Perlu kita ketahui bahwa pada masa remaja, mereka akan mencari jati diri mereka dengan lingkungan yang membuat mereka nyaman. Mereka akan mencari orang-orang yang memiliki kesamaan tertentu dengan mereka, seperti hobi, idola, tontonan favorit atau apa saja yang asyik untuk mereka bicarakan Bersama-sama. Maka tidak jarang mereka akan lebih sering berkumpul dengan teman-temannya dibandingkan dengan orangtuanya. Disinilah perlunya kita memahami bahwa untuk mengontrol perilaku remaja adalah kita harus bisa membuat mereka nyaman bersama kita. Kita harus mengetahui hal-hal apa saja yang sekarang sedang banyak disukai oleh mereka. Pemikiran yang kolot dan terlalu mengekang justru hanya akan membuat mereka semakin memberontak.

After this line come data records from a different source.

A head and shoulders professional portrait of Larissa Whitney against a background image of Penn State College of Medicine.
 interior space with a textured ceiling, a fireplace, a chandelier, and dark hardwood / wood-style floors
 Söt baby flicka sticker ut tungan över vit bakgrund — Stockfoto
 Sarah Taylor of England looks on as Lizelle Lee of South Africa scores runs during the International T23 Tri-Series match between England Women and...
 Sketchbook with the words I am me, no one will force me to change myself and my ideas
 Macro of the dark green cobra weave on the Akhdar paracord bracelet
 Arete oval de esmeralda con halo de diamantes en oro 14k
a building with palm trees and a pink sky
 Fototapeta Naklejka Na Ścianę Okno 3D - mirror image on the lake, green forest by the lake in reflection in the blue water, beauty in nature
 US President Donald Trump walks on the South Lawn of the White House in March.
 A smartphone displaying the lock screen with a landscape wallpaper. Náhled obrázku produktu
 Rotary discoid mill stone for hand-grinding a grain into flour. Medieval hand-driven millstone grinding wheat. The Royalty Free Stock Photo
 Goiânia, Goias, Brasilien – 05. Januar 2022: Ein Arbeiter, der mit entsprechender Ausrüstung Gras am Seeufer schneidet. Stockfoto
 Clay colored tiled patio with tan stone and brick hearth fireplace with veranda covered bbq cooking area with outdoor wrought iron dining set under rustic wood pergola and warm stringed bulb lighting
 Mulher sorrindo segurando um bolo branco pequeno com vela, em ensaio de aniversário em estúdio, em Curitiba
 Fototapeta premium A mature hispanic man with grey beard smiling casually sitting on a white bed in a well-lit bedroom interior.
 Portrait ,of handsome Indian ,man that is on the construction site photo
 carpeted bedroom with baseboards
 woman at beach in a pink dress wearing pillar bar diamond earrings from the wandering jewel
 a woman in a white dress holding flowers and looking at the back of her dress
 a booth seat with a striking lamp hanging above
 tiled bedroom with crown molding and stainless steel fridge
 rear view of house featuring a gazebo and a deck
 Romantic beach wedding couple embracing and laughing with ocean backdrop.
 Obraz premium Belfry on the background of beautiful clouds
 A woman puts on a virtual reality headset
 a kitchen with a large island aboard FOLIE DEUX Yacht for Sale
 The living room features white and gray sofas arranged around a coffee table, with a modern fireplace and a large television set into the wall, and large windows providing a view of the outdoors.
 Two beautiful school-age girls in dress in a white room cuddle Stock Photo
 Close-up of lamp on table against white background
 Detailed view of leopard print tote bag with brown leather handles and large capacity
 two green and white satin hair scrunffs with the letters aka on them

Saya sendiri mengalaminya di kelas, saya pernah begitu marah dan menghakimi ketika mendapati beberapa anak yang berperilaku menyimpang. Saya ambil contoh, ketika anak-anak kedapatan merokok di saat jam istirahat. Ketika saya meluapkan kemarahan tanpa mendengarkan penjelasan dari mereka, bukannya menurut dengan apa yang saya katakan, mereka semakin memberontak. Hal ini membuat saya memutar otak mencari cara menangani perilaku mereka. Kemudian saya mencoba untuk berbicara dengan mereka, mendengarkan keluh kesah mereka di rumah maupun di sekolah. Awalnya mereka merasa segan karena takut dimarahi. Tapi setelah saya yakinkan bahwa mereka bisa menganggap saya seperti teman, mereka boleh meluapkan apa saja yang mereka rasakan. Mereka boleh menceritakan apa saja yang ingin mereka ceritakan. Dari situlah mereka mulai bersikap terbuka. Banyak hal-hal yang tidak dapat guru ataupun orangtua mengerti dari perubahan sikap mereka. Karena anak-anak merasa harus selalu mendengarkan orangtua, tapi orangtua tidak mau mendengarkan mereka.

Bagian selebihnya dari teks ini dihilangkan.